6. BÖLÜM

15 8 0
                                    

  Roger hızlıca yanıma gelip bacaklarımı elledi, ''hiçbir şey hissetmiyorum.'' diye mırıldandım. Uzun eteğimi yavaşça dizlerimin üstüne çekmişti, bacaklarım kan içindeydi. Roger düşünmek için ayağa kalktı, mırıldanarak küfrediyordu.
  ''Sargı bezi var mı?''
  Roger gömleğinin kollarını yırttı ve bacağımı onlarla sarmaya başladı, ''Az da olsa bilgim var.'' Roger'ın kolları belli oluyordu. Kolları hep yara izleriyle doluydu, sağ elimle hafifçe bir tanesine dokunup ''Ben yanında olsaydım bu yara izleri olmazdı, çünkü ben asla yara izi bırakmam.'' demiştim. Kıkırdamıştı dediğime, ''haklıyım,'' ciddiye almasını istiyordum.
  Gömleğinin kolları çok bir işe yaramamıştı, en azından denemişti.

  ...

  2 saat olmuştu, zaman durmuştu sanki.

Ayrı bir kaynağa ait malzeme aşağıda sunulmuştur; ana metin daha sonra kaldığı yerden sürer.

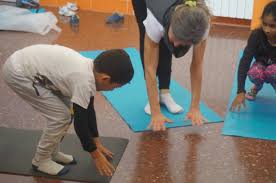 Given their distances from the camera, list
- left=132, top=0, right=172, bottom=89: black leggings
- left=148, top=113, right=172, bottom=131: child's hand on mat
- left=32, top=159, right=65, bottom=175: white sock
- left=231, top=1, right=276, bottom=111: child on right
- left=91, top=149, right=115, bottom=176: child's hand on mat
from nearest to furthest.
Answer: left=91, top=149, right=115, bottom=176: child's hand on mat < left=32, top=159, right=65, bottom=175: white sock < left=148, top=113, right=172, bottom=131: child's hand on mat < left=132, top=0, right=172, bottom=89: black leggings < left=231, top=1, right=276, bottom=111: child on right

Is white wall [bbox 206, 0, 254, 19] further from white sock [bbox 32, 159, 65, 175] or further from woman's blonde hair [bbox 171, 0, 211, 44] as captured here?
white sock [bbox 32, 159, 65, 175]

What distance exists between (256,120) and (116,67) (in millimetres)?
954

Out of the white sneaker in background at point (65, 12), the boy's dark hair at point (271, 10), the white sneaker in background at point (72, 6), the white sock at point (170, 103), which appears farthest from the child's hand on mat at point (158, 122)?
the white sneaker in background at point (72, 6)

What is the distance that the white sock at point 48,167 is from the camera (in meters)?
1.74

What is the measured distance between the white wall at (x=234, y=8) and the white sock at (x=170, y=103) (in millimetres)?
1389

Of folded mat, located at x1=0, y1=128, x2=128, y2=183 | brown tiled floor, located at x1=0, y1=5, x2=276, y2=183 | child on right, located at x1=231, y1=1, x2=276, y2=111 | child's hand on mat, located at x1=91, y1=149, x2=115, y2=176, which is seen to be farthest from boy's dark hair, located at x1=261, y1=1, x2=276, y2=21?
child's hand on mat, located at x1=91, y1=149, x2=115, y2=176

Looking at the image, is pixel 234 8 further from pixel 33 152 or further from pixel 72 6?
pixel 33 152

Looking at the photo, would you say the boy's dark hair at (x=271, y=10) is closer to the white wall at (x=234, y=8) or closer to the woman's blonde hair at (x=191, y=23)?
the woman's blonde hair at (x=191, y=23)

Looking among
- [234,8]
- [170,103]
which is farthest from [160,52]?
[234,8]

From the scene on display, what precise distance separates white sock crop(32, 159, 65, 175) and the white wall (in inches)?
83.5

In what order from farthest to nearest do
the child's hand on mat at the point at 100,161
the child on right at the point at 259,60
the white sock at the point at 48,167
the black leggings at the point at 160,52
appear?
the child on right at the point at 259,60
the black leggings at the point at 160,52
the white sock at the point at 48,167
the child's hand on mat at the point at 100,161

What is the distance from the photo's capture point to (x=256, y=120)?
2.17 meters

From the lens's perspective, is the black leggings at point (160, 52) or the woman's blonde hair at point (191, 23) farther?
the black leggings at point (160, 52)

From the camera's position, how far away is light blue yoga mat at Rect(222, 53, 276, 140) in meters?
2.06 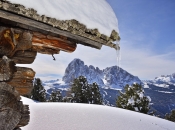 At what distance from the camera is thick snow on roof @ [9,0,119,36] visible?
6.50 ft

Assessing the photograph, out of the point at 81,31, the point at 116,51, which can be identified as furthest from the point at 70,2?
the point at 116,51

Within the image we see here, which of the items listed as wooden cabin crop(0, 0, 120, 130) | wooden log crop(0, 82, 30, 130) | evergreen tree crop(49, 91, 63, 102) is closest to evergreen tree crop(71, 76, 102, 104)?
evergreen tree crop(49, 91, 63, 102)

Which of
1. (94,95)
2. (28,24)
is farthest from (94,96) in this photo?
(28,24)

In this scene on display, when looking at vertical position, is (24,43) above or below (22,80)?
above

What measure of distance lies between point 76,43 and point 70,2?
2.22 feet

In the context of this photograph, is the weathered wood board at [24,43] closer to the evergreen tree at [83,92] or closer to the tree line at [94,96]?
the tree line at [94,96]

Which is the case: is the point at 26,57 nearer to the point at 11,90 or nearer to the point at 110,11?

Etrafa bakıyorduk, derin bir sessizlik sarmıştı. En sonunda Roger bu sessizliği bozmuştu, ''O vahşi adamın ablası olduğuna hâlâ inanamıyorum, seni hiç onunla da görmedim zaten.'' aslında birbirimize benziyorduk, hem görünüş olarak hem de kişilik olarak.
  ''Vahşi adam dediğiniz kişi çok iyi, nazik ve komik biri, onu tanırsanız anlarsınız Dük Roger.''
  ''Kimse senin kadar nazik olamaz.''
  Bu bir iltifattı, hiç beklemediğim birinden duymuştum. Teşekkür edip konuşmayı bitirdim. Roger ile konuşmak istemiyordum, kendisi kardeşimi vahşi biri olarak görüyordu. Zar zor sürünerek Roger'dan uzaklaşıp başka bir köşeye geçmiştim, bacaklarımı kullanamıyordum. Bir tane kaya benim dikkatimi çekmişti, üzerinde çizimler vardı. Çok iyi çizilmemişti fakat her çizimin bir anlamı vardı sanki. Dikkatimi çeken alttaki yazıydı, eski bir dil ile yazılmıştı.
 
  Bugün ağabeyim ile oyun oynadık, çok eğlendik. Ağabeyim yakında Natun'a savaş açacakmış, tabii ki de ağabeyim kazanacak...

 
  Natun'a savaş açacak tek bir kişi vardı, Warls Kralı fakat onun da kardeşi yoktu, ya da vardı...
  Burada edindiğim bilgiler işime yarayacaktı, en kısa zamanda Natun'a dönmeliydim. ''Ben avlanmak için dışarı çıkacağım, çok uzağa gitmem. O yaratık muhtemelen buralarda, o yüzden hızlıca geleceğim.'' Roger bir tane taşı kaldırıp içinden hançer almıştı, sonrasında da çıktı. Gözlerimi kapadım ve düşünmeye başladım...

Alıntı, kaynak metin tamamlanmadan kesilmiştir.